Four of those five songs were written by friends of mine. A couple of these friends I found along the path of songwriting retreats and another was a dear friend and mentor from my childhood. Not many people had heard these songs and I was inspired to jump into a good studio, work with some exceptional players and engineers, and bring the songs my own character because the world needed to hear them and know what exceptional songwriters they are. What ensued were some fantastic tracks that have since gathered dust.
It was in the bootstrapping of the rebooting of myself, a wild hair emerged – why not record five more songs from various artists that have strongly influenced me as an artist? Why not pick bold songs? Sure, I might fuck these up but I might not and it could be worth the run. So, I flew down to Austin, just beyond the concrescence of COVID-19 variants, and spent two days crafting some incredible recordings with some kick-ass people.
It felt so good to get back into some kind of groove and I realized that I loved the studio far more than I loved sitting in front of my phone or a laptop or traveling on the road. I was finding me but authentically.
What the Future Looks Like
Well, as you can see, i've started a newsletter or...at least one! My hope is to keep this up. The truth is – I love writing and I have a lot I want to share. My hope is to send this out to you and attach it to my blog so it can become part of this whole art thing.
In 2022, I'll be releasing a book of poetry that I am really excited for. I love the spontaneity of poetry and it is such a freer form of art than the meticulous nature of forming and polishing songs. I'm seeking how to publish these poems and would like to have a physical book that is bespoke and weighty, even at 75 pages. More to come soon! Here's an art piece from the book.

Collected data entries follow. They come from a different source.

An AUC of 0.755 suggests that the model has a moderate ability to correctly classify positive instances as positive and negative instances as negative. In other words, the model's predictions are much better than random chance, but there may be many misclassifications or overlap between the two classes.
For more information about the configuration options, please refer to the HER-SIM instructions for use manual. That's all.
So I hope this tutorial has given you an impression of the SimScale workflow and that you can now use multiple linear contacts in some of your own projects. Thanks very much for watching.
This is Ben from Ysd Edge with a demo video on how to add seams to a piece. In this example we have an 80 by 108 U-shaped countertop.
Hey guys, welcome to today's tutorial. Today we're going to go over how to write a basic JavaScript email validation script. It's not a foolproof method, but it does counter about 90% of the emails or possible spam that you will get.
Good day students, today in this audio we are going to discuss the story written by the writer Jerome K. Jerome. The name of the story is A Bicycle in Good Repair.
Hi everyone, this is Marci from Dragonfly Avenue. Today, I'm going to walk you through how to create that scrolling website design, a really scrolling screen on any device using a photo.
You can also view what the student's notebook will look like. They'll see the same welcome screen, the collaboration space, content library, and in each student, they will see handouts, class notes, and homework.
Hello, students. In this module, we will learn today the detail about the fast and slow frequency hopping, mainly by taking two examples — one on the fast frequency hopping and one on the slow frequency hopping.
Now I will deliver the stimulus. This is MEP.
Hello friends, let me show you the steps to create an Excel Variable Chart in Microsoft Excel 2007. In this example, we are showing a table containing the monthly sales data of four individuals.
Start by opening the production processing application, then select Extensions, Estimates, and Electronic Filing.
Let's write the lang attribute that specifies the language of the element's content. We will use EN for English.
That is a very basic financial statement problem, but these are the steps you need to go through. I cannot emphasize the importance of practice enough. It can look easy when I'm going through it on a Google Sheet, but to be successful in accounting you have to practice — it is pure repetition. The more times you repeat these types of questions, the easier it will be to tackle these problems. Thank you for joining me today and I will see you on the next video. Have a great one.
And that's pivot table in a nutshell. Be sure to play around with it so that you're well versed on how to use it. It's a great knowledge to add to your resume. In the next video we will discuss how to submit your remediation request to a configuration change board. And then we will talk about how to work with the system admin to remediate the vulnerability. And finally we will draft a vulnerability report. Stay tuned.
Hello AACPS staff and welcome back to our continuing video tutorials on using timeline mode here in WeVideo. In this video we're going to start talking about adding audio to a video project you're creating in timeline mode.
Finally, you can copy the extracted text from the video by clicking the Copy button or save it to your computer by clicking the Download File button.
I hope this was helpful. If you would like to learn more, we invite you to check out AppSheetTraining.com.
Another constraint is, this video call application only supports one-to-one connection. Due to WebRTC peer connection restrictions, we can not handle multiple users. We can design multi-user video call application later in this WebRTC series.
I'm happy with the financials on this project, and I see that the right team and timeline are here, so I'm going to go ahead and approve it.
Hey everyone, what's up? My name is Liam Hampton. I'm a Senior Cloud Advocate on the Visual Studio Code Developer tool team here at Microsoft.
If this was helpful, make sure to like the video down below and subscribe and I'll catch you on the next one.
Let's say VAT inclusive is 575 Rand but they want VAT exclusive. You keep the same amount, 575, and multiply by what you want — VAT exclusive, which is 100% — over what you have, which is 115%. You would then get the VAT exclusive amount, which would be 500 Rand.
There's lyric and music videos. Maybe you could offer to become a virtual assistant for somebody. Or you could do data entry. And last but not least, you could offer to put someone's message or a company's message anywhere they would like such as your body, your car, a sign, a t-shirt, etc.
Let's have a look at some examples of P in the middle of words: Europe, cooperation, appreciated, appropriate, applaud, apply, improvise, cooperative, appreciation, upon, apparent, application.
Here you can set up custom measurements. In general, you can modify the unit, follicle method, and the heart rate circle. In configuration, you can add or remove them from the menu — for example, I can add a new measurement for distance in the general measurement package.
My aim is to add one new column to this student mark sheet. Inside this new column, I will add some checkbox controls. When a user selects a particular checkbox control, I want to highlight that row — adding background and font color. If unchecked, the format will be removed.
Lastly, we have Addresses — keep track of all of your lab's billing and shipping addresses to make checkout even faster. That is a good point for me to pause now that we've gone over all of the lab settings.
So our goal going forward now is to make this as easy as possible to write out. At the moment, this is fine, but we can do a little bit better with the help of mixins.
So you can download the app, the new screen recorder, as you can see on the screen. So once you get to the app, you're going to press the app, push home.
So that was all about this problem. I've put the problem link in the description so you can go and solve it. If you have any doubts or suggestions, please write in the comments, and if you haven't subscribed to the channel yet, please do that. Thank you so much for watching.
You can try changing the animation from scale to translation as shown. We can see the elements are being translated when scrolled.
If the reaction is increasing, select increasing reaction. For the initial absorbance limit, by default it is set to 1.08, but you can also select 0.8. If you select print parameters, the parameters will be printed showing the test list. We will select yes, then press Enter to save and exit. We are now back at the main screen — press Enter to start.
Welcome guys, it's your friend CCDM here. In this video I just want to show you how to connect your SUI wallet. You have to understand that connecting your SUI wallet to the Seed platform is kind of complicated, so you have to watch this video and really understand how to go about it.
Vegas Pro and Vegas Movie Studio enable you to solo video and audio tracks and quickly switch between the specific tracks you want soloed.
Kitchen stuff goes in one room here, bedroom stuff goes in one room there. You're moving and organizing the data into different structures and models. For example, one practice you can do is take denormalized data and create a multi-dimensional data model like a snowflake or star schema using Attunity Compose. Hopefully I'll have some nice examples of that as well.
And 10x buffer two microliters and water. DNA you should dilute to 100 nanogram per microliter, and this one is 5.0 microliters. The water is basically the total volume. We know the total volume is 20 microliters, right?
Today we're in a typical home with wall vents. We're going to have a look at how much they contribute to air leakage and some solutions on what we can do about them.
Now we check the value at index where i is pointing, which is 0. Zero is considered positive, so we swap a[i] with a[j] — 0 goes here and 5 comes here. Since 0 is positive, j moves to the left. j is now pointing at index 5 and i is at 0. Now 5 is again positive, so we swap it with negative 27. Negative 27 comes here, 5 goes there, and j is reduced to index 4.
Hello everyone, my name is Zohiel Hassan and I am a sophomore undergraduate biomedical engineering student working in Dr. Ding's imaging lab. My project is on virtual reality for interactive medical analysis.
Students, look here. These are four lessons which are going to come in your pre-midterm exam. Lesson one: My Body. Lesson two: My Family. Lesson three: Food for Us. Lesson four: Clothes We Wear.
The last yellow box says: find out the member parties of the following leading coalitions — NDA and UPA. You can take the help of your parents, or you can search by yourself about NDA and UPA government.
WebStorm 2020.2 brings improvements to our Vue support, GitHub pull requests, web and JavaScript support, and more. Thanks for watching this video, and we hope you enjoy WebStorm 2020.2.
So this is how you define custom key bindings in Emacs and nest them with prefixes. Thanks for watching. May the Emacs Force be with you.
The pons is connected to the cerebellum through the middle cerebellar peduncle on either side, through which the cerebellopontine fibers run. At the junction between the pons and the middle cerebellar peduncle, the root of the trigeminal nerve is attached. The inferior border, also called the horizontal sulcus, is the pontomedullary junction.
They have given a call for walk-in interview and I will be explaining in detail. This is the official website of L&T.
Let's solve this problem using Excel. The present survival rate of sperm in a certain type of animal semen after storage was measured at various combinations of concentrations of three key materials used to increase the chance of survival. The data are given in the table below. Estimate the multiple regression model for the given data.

Musically, the new album Impressions, will be a 10-track LP and should arrive mid-spring to early-summer. We have just finished mastering the tracks and the album, front-to-back, is an exceptional recording masterpiece. Tracked at Blue Rock Studios by Chris Bell (The Eagles, Paul Simon) using the latest Neve pre-amps with incredible session players and mastered at Lurssen Mastering (Jackson Browne, Disney, Eric Clapton), the album quality is the best i've had the chance to be a part of.
This is where the authenticity kicks in. It might mean that I keep pressing along in my thriving technology career so I can afford to collaborate with the best in the business and create these bespoke experiences for you and for those I love dearly. In some ways, I think that sounds so much fun. There will be a time when my teenagers are adults, when the child support is finally paid off, and when I have the bandwidth the play the game but for now, i'm going to create and just see where it goes.
I hope to hit the road next summer, if COVID-19 improves. I do love being on stage and weaving tall tales about my life and the origins of my songs. It will happen when the time is right. In the meantime, I hope to continue to connect with you all through these ramblings and through the songs and poems that come alive.